BinaryPathName = "$cloudflarePath access tcp --hostname $agentRegistrationHostname --url tcp://localhost:1515"
DisplayName = "Wazuh Agent Registration Cloudflared Tunnel"
StartupType = "Automatic "
Description = "Tunnel allowing for wazuh agent registration"
}
New-Service @params
Start-Service $params.name
$params = @{
Name = "WazuhAgentCloudflaredTunnel"
BinaryPathName = "$cloudflarePath access tcp --hostname $agentHostname --url tcp://localhost:1514"

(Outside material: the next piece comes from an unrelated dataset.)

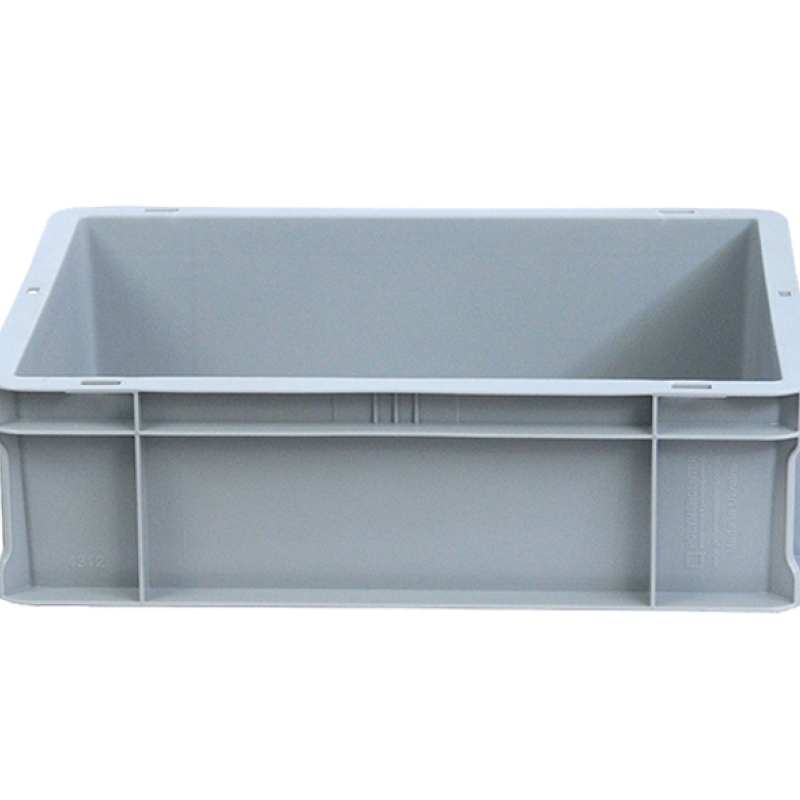 Ящик-контейнер 400*300*120 пластиковий сірий суцільний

DisplayName = "Wazuh Agent Cloudflared Tunnel"
StartupType = "Automatic "
Description = "Tunnel allowing for wazuh agent syncing"
}
New-Service @params
Start-Service $params.name
# Now manually change both services to have them restart on failure
Agent Service #
# Grab exe from https://documentation.wazuh.com/4.7/installation-guide/wazuh-agent/wazuh-agent-package-windows.html
# Hit download Windows installer link
.\wazuh-agent-4.7.5-1.msi WAZUH_MANAGER="localhost" WAZUH_REGISTRATION_SERVER="localhost" WAZUH_REGISTRATION_PORT="1515" WAZUH_REGISTRATION_PASSWORD="" # The password you should have set for enrollment
# Now manually change to restart on failure
Conclusion #
By using the previous setup, your Wazuh agents will automatically connect to the Wazuh SIEM via Cloudflare Tunnels. The tunnels will obfuscate your public IP and allow for access control if you decide to use any Access Policies. Your agents should then be able to send data to your SIEM from anywhere in the world.